I have two VIP211s and two VIP211ks and added a 1TB Seagate Expansion External Drive to each of them about a month ago. No problems whatever with any of them and set up went very smoothly. Each provides 98+ hours of HD or 393 hours of SD recording. I connected them with a 6 ft. usb cable so that they could be placed where they could be in well ventilated, relatively cool locations. I have been very pleased with the four DVRs I now have use of.

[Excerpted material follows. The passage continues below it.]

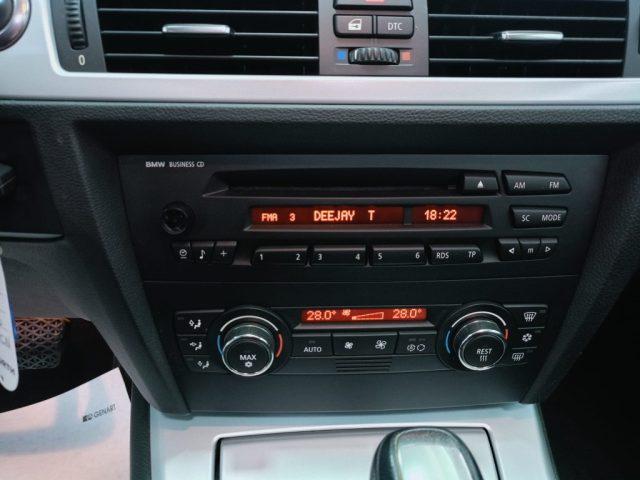 BMW 320 i cat Coupé Futura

Cost of Seagate EHD was $104 each.


----------



## karrank% (Sep 20, 2009)

considering this --(oops, can't post URL yet)--Western Digital Element 1TB EHD with power brick and usb port

to use with my 211-k 

seems to satisfy the specs as stated on the Dish website.

Any info you have to share on this would be appreciated, thanks.


----------



## dragon342 (Oct 31, 2009)

karrank% said:


> considering this --(oops, can't post URL yet)--Western Digital Element 1TB EHD with power brick and usb port
> 
> to use with my 211-k
> 
> ...


Oh! yes, you can find the list of compatible hdd on the dish website!, Just make sure that the sleep function on the hard drive that u have is off to prevent the Hiccups!:grin:


----------



## karrank% (Sep 20, 2009)

dragon342 said:


> Oh! yes, you can find the list of compatible hdd on the dish website!, Just make sure that the sleep function on the hard drive that u have is off to prevent the Hiccups!:grin:


thx, my idea is to have a lo-power/low noise drive to avoid that issue.

Was curious the dish site says ehd with >1 platter "may not be recognized"
which has me concerned 'coz most of the larger capacity ehds are multi-platter affairs if I'm not mistaken.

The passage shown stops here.